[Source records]
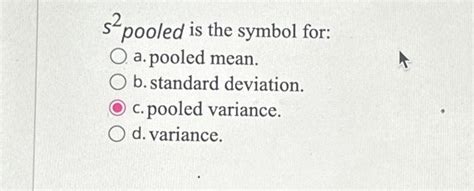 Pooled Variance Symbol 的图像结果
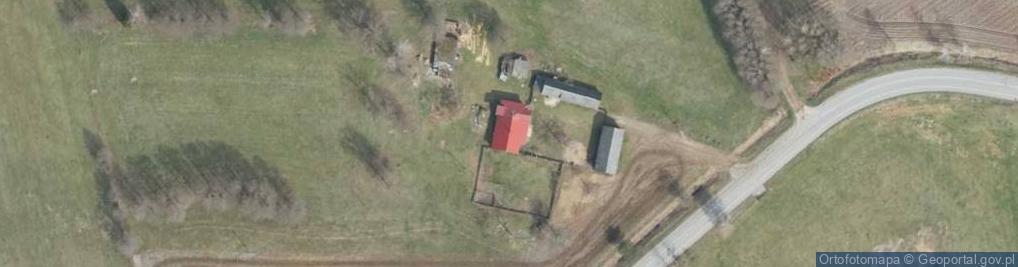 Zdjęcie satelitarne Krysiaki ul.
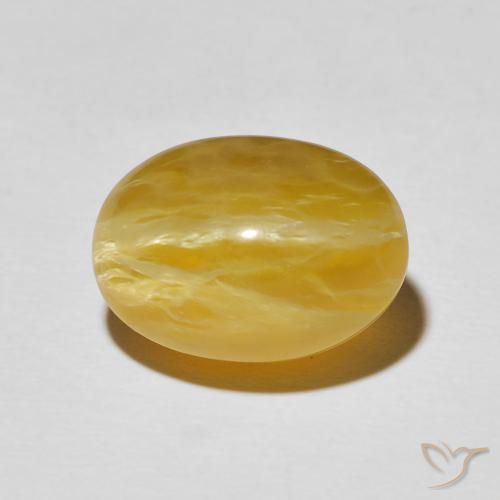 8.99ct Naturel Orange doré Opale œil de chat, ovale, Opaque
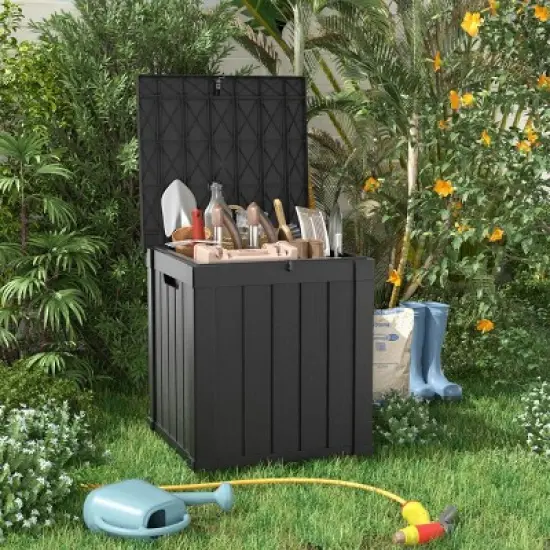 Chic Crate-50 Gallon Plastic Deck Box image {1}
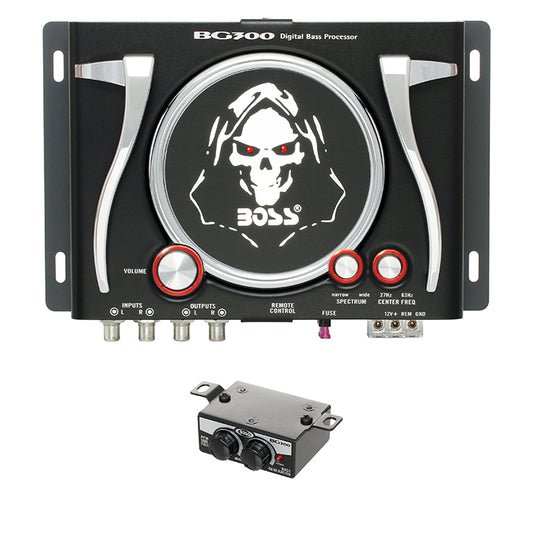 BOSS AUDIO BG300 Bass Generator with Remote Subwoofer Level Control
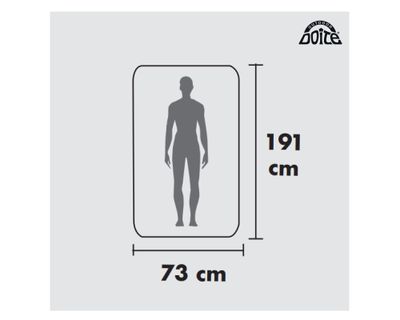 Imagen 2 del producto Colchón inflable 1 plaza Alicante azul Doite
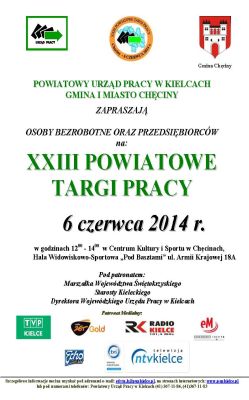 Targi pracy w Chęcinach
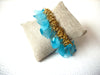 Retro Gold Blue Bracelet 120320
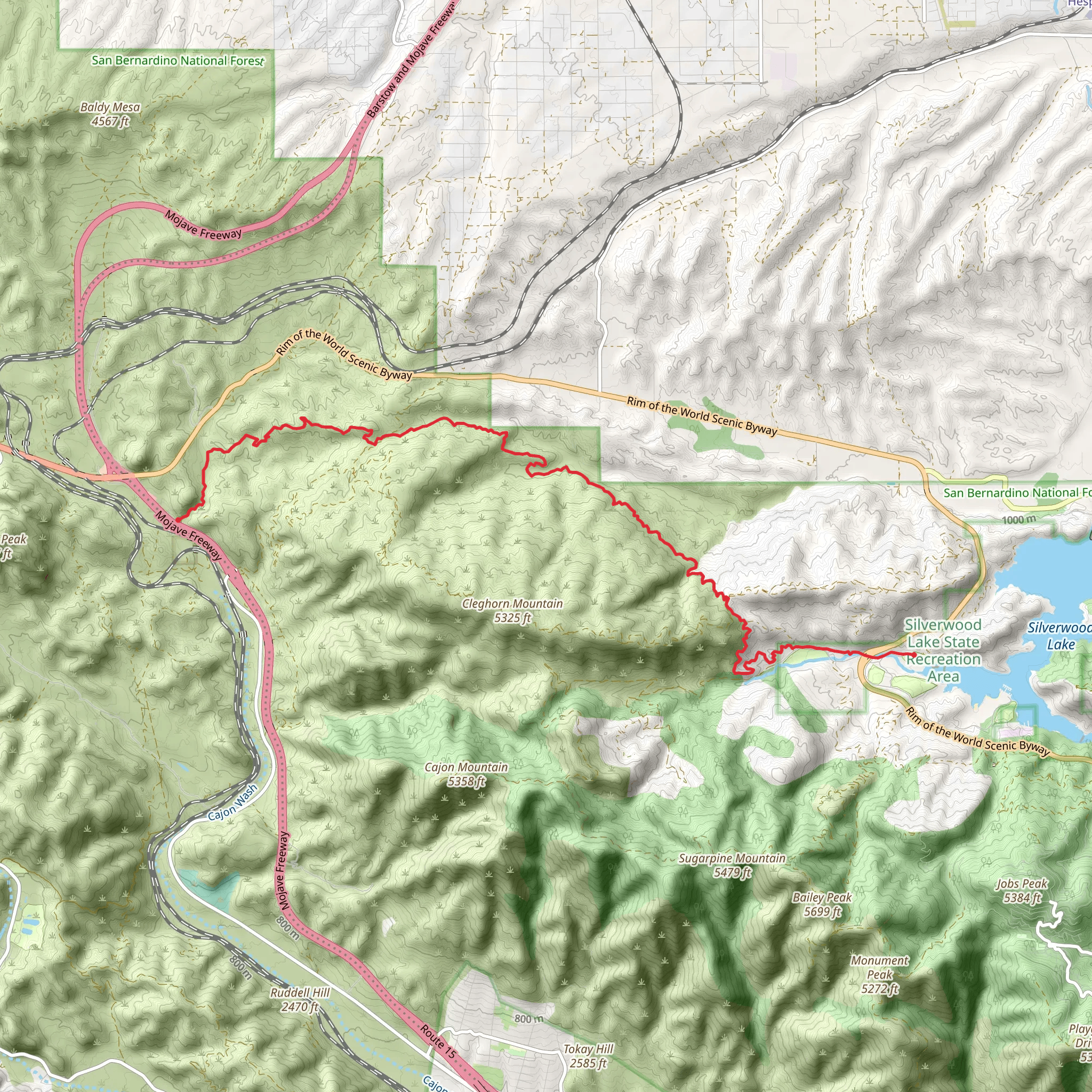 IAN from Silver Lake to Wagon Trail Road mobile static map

§ WHAT TO DO: Please write out all the data word for word, but keep every picture out.

§ RESULT OF THIS EXERCISE:
 Pooled Variance Symbol 的图像结果
 Zdjęcie satelitarne Krysiaki ul.
 8.99ct Naturel Orange doré Opale œil de chat, ovale, Opaque
 Chic Crate-50 Gallon Plastic Deck Box image {1}
 BOSS AUDIO BG300 Bass Generator with Remote Subwoofer Level Control
 Imagen 2 del producto Colchón inflable 1 plaza Alicante azul Doite
 Targi pracy w Chęcinach
 Retro Gold Blue Bracelet 120320
 IAN from Silver Lake to Wagon Trail Road mobile static map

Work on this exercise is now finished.